Updates
IFAW biedt noodhulp na orkaan Erick
Lees meerFascinerende aanpassingen: zes unieke manieren waarop wilde diersoorten hebben leren overleven
Van dieren die tijdens hun winterslaap letterlijk bevriezen tot dieren die in de hete woestijn geen druppel water drinken, veel soorten hebben zich op ongelooflijke manieren aangepast aan hun omgeving. Sommige unieke aanpassingen dienen als verdedigingsmechanisme tegen roofdieren, zoals hagedissen die bloed uit hun ogen spuiten. Andere helpen juist bij het opsporen van prooien, zoals het zoogdier dat een zesde zintuig heeft: elektriciteit.
Hoe ontstaan zulke bijzondere en unieke vormen van aanpassingsvermogen? Over miljoenen jaren hebben diersoorten zich ontwikkeld om te kunnen leven onder de omstandigheden van hun leefgebied. Het draait allemaal om survival of the fittest: de dieren met het grootste aanpassingsvermogen leven langer en hebben daardoor meer kans om zich voort te planten en hun eigenschappen door te geven. Zo wordt de kans groter dat de volgende generatie deze kenmerken erft. Uiteindelijk, als een eigenschap heel nuttig blijkt of zelfs essentieel wordt voor het overleven, wint die steeds meer terrein in de populatie en groeit uit tot een kenmerk dat de hele soort deelt.
IFAW is een wereldwijde natuurbeschermingsorganisatie die zich inzet voor het redden van dieren en het beschermen van wilde dieren en hun leefgebieden.
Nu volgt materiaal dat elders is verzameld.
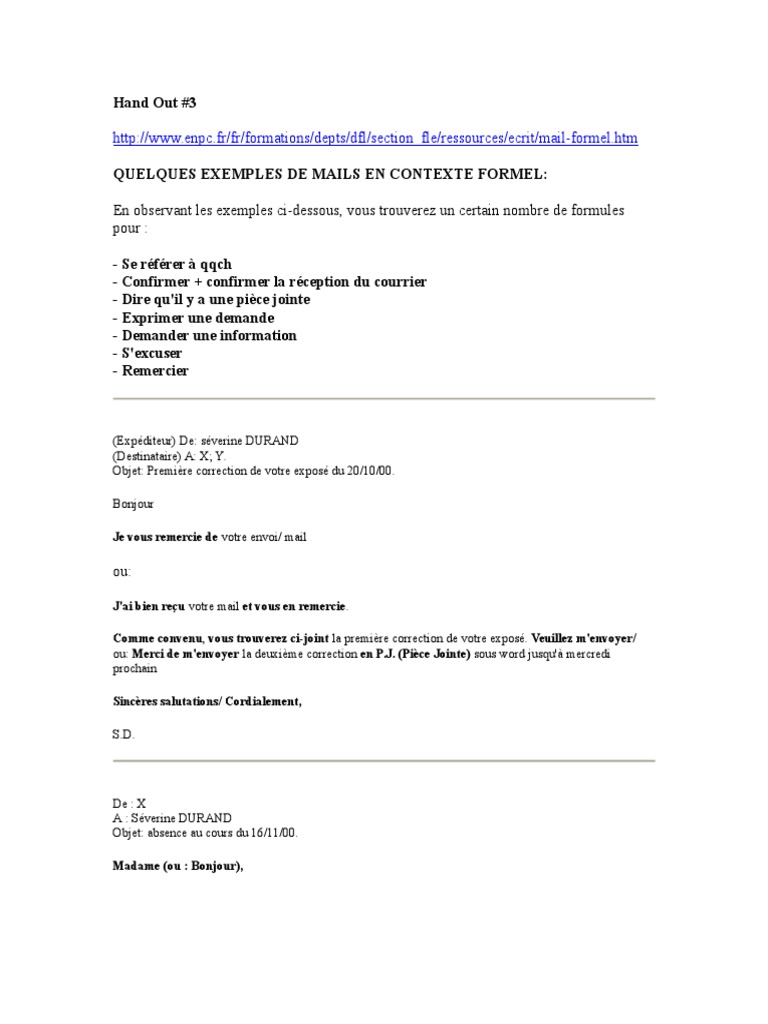 Hand Out 3 Formal Email Resources | PDF | Typologie linguistique ...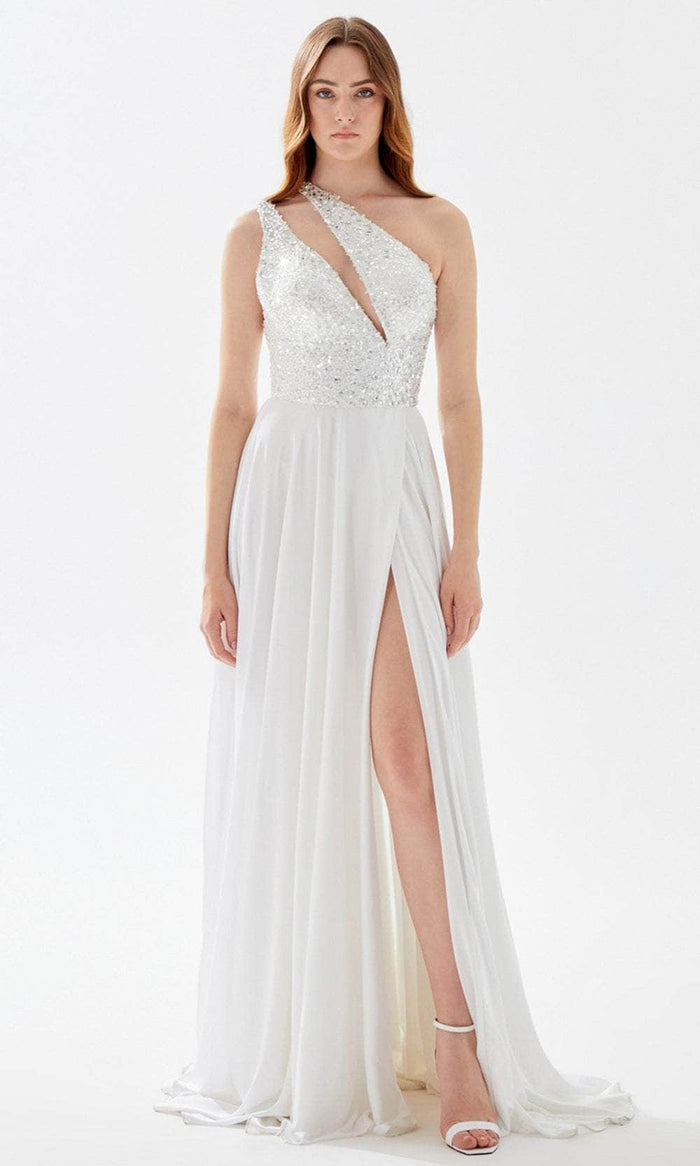 Tarik Ediz 52045 - Beaded Asymmetric Neck Prom Gown Prom Dresses 00 / Ivory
Lees meer over ons werk en ontdek hoe jij kunt meedoen.
Hier vind je zes van de meest fascinerende aanpassingen in het dierenrijk en waarom ze zo belangrijk zijn voor het voortbestaan van deze soorten.
De boskikker leeft in de Verenigde Staten en Canada, tot helemaal in Alaska en Yukon. In het noordelijkste deel van hun leefgebied krijgen deze amfibieën regelmatig te maken met temperaturen die kunnen dalen tot wel –45 graden Celsius. Omdat kikkers koudbloedig zijn, verandert hun lichaamstemperatuur mee met de omgeving. Maar hoe blijven ze dan warm in zulke ijzige omstandigheden?
Waar de meeste kikkers in noordelijke gebieden de winter overleven door diep onder water in meren en beken te overwinteren, hebben boskikkers zich aangepast om te overwinteren tussen het bladerdek op de bosbodem. De bladeren, samen met een laag sneeuw, bieden wat isolatie, maar lang niet genoeg. Daarom doen boskikkers iets bijzonders: ze houden zichzelf niet warm, ze vriezen zichzelf gewoon in.

Wat betekent dit precies? Voor de meeste dieren zou bevriezen leiden tot gescheurde bloedvaten en het stoppen van de zuurstofcirculatie. Maar boskikkers hebben zich zo ontwikkeld dat ze tot wel acht maanden per jaar bevroren kunnen blijven. In de eerste weken vult ijs hun buikholte en vormt het zich tussen de lagen huid en spier. Terwijl dit gebeurt, maakt de lever grote hoeveelheden glucose aan. Dat voorkomt dat hun cellen bevriezen en bindt watermoleculen zodat de kikker niet uitdroogt. Zo kan ijs zich vormen rond hun organen en cellen, terwijl de binnenkant van de cellen beschermd blijft.
Tijdens hun winterslaap hebben boskikkers geen hartslag en ademen ze niet. In het voorjaar, zodra ze ontdooien, begint hun hart weer te kloppen. Dankzij deze bijzondere eigenschap worden ze veel eerder actief dan andere kikkers en kunnen ze zich voortplanten in pas gesmolten plassen—plassen die al verdwenen zouden zijn als ze later uit hun winterslaap kwamen.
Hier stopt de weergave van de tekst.